On April 14, large orange signs and sandbags were placed at the corner of Florida Boulevard and North 25th Street, blocking access to the street from the busy state highway. On Monday, the signage and blockades were removed, after city-parish staff say they determined the area was not in need of traffic-calming instruments.

But the removal of the blockades could have been a response to a petition signed by more than 250 people in the neighborhood who said they were inconvenienced by the closure. Some of the people who signed the petition said Wicker was receiving special treatment from the city-parish staff because of her office, at the expense of their convenience.

“It’s not fair, I have nine grandchildren and I would want it to be one-way right in front of my house, but that wouldn’t be fair to my neighbors in my area,” said Sharon Edwards, who lives a block away from Wicker. “But (Wicker) made it a one-way street because of the fact that she wants privacy and doesn’t want traffic for her children, and that is an abuse of her power.”

Wicker, a mother of six who lives in the 300 block of North 25th Street, said there have been complaints for years about people speeding through her street because it is a north-south connector from North Boulevard all the way to North Street.

“I’ve been asked by several of my neighbors because kids have almost been killed by the vehicles,” Wicker said. “So we were trying to slow it down so that it would not be able to have that easy access.”

Public Works Traffic Engineer Ingolf Partenheimer said the block was converted to a one-way street as part of a traffic study that was requested by Wicker. Ultimately, the test revealed that it was unnecessary to close the street to through traffic, so it was reopened.

Outgoing DPW Director David Guillory said adjusting speed limits and one-way streets in neighborhoods are low-cost methods of traffic calming being tested in areas across the parish.

Asked why the trial was only done on a single block in Wicker’s district, Guillory said, “It was a good candidate for the trial. That’s all it was, a trial.”

“There’s a lot of places we could have done it, but it was a good trial,” Guillory added. “And the result of the trial showed that it didn’t warrant it there.”

Wicker said her neighbors signed a petition requesting the one-way street. But the petition only had four signatures, because she said it only required the consent of people directly impacted on the block.

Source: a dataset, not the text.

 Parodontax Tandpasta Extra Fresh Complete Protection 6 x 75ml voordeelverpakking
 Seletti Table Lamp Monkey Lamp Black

She said later 25 other residents from the surrounding neighborhoods signed a petition to support the one-way street.

Opponents of the closure collected more than 250 signatures from people on the surrounding streets and submitted the petition to the Mayor’s Office and to DPW.

The petition said the change was causing the neighbors “inconvenience and economic distress,” but it said they would be supportive of speed bumps, reduced speed limits or “Child at play” signs.

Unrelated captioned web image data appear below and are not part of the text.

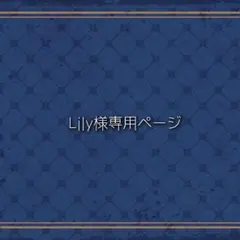 Lily様専用ページ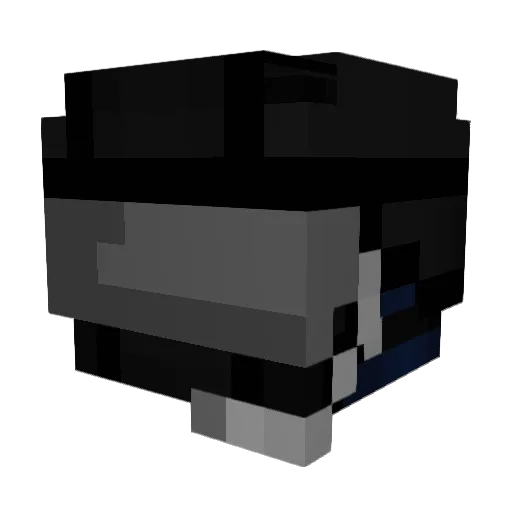 _Wao_ Minecraft avatar head, 3D render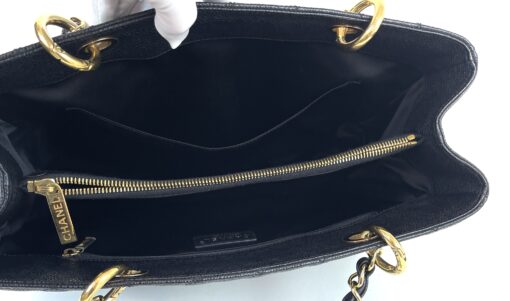 Chanel GST Black Caviar Shopping Tote Gold Hardware 22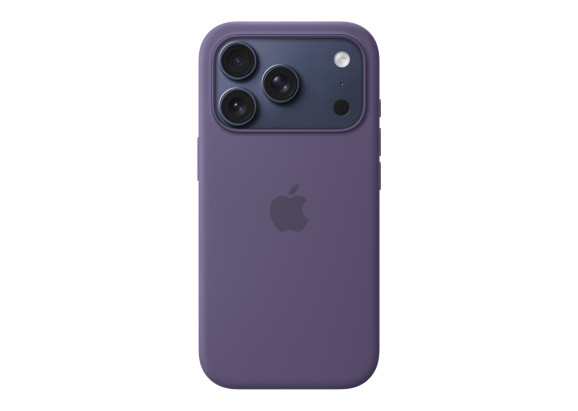 Чехол для iPhone 17 Pro Silicone MagSafe фиолетовый туман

Terry Smith, who has a house on Main Street, said he can’t turn left to access his street when he’s coming home from downtown anymore.

“Nobody wanted this,” he said. “We never had any meetings about this.”

Carla Davis, who has lived in her Laurel Street home a block away from Wicker for 20 years, said she doesn’t think traffic through North 25th Street was very bad. Davis said she felt like Wicker was just protecting her own children who frequently play basketball in street in front of their home.

“I don’t think it’s appropriate,” Davis said. “Everyone in the neighborhood has kids. What sets your kids apart? Basically she’s diverting the traffic into the other neighborhoods, while you’re traffic free, and I don’t think that’s a necessity. There’s a whole lot more in this neighborhood that you could be doing.”

Wicker said the benefits of the traffic calming were to protect all of the kids in the neighborhood.

“But at the end of the day, in addition to being a city councilwoman, I’m also a tax-paying citizen as well as a mama,” Wicker said. “I’m not trying to do anything personal that is only benefiting me; I’m doing something that the people asked for, and I responded to that.”